Memories From Micronesia: Driving Chuuk’s Ghost Fleet

Imagine, if you will, traveling over twenty-four hours on three different planes from the Eastern United States, observing one sunset through your jetlag while somehow landing nearly two days later. Your final destination is a small airport, barely four rooms large. Dazed and discombobulated, you haul your bags from the baggage bin to the airport’s driveway, where two men are waiting with a van to pick you up. In between brief exchanges, you hear them speaking a language wholly unfamiliar. You drive 30 minutes, barely cresting 18 miles per hour across a pimpled, jagged stretch of not-quite-road, shaking violently with each flooded pothole. You finally arrive, shaken, at a small resort, though not for long. You traverse the deserted hotel grounds, blindly following the van drivers with your suitcases under the black night sky.

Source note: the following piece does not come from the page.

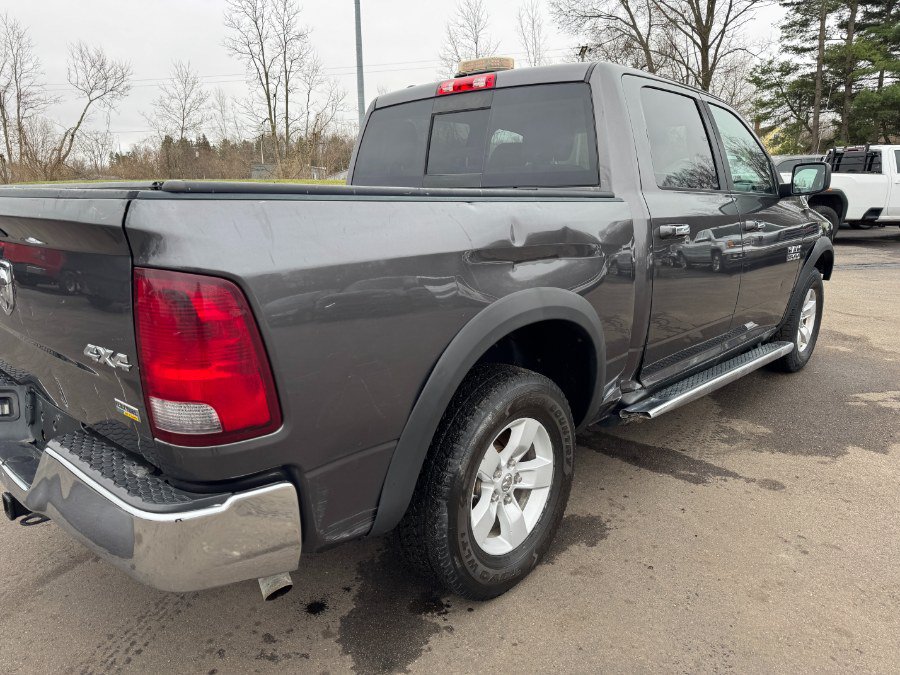 Used 2017 RAM 1500 Classic SLT AWD/4WD image 10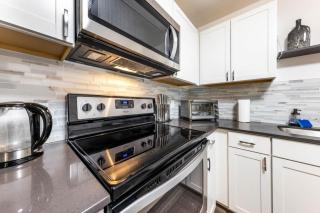 2BR 2BA Condo 10 Mins to Downtown, Steps to Zilker Park by Austin Vacay - 2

When the clock strikes 10pm local time, well after sunset, you hop onto a small metal boat with two outboard motors and another crew of two men. As the boat inches slowly away from the dock, one of the crewmembers carefully illuminates the water out in front with a small handheld spotlight, panning back and forth to ensure safe passage. As you settle down and prepare yourself for another sluggish, dimly lit crawl, the spotlight is turned off, and the captain goes full-throttle into the black abyss, flying across the water towards a tiny gleam of white light far in the distance. The gleam, as it turns out, is a former whaling ship. And it will be your home for the next week.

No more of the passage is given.